Collected data
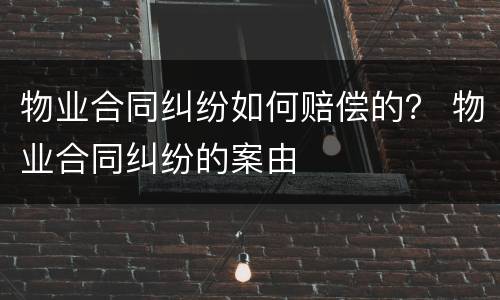 物业合同纠纷如何赔偿的？ 物业合同纠纷的案由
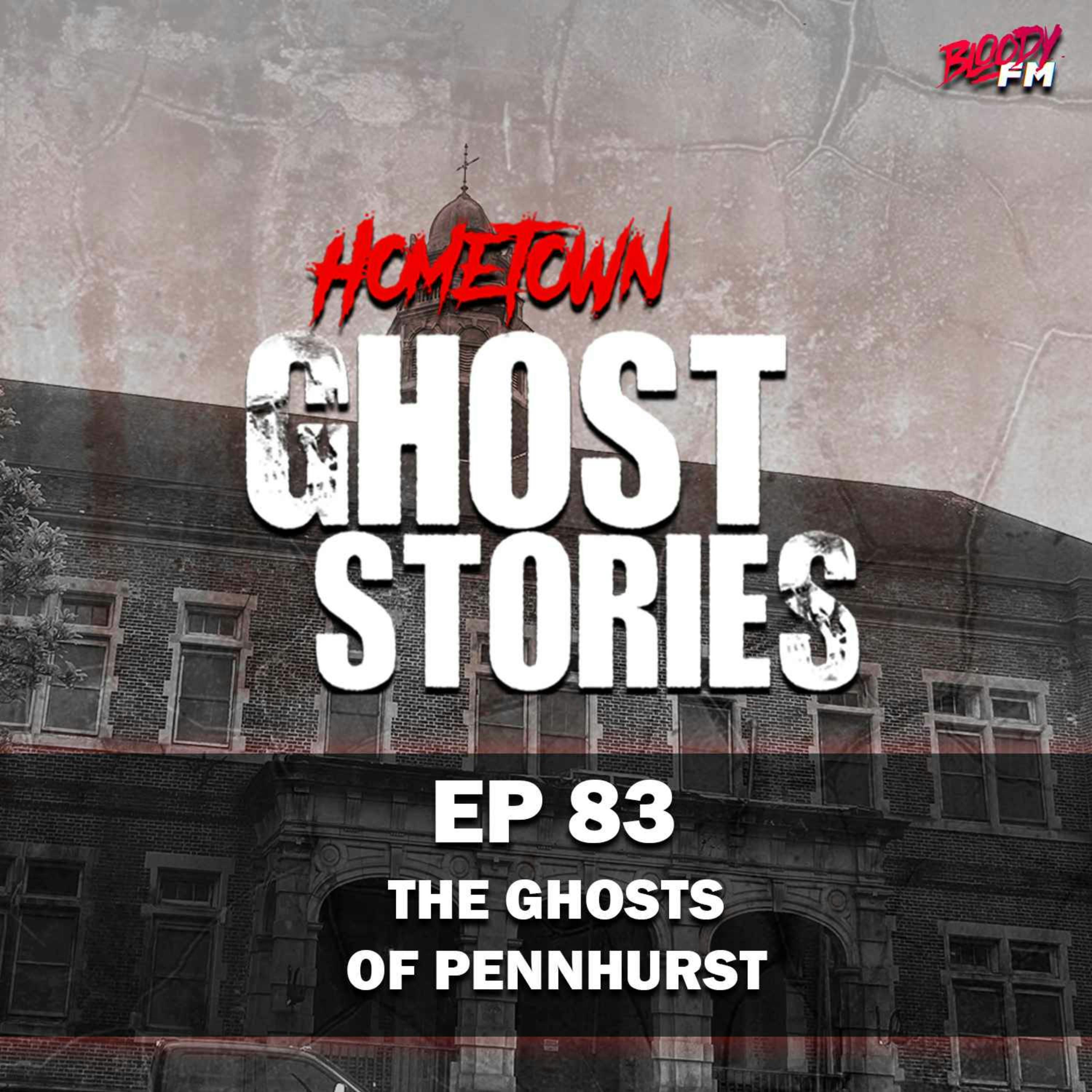 EP 83 - The Ghosts of Pennhurst | Spring City, PA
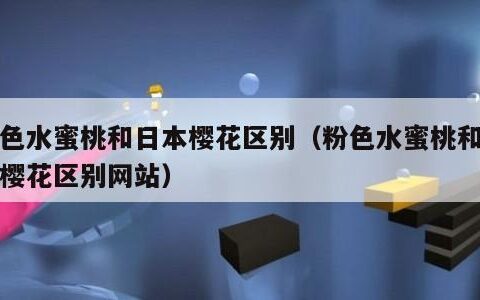 粉色水蜜桃和日本樱花区别（粉色水蜜桃和日本樱花区别网站）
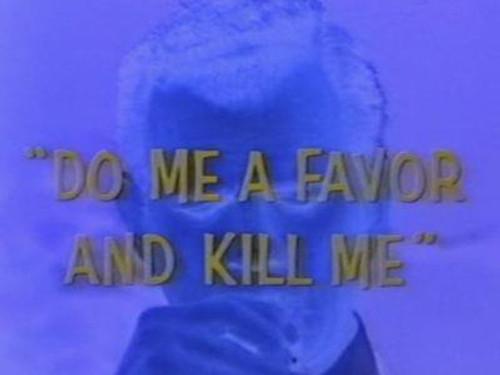 undefined Season 1 Episode 11 - Do Me a Favour and Kill Me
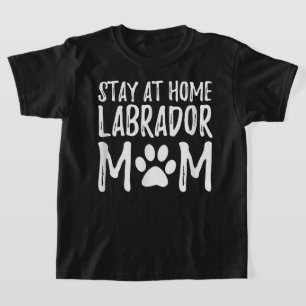 Labrador Dog Mum Stay Home Labrador Gift Idea T-Shirt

_AIM OF THE EXERCISE_.
Pictures excluded, print only the lines from the one with "EP 83 - The" through the end of the entries above, exactly as written.

_RESPONSE TO THIS EXERCISE_.
 EP 83 - The Ghosts of Pennhurst | Spring City, PA
 粉色水蜜桃和日本樱花区别（粉色水蜜桃和日本樱花区别网站）
 undefined Season 1 Episode 11 - Do Me a Favour and Kill Me
 Labrador Dog Mum Stay Home Labrador Gift Idea T-Shirt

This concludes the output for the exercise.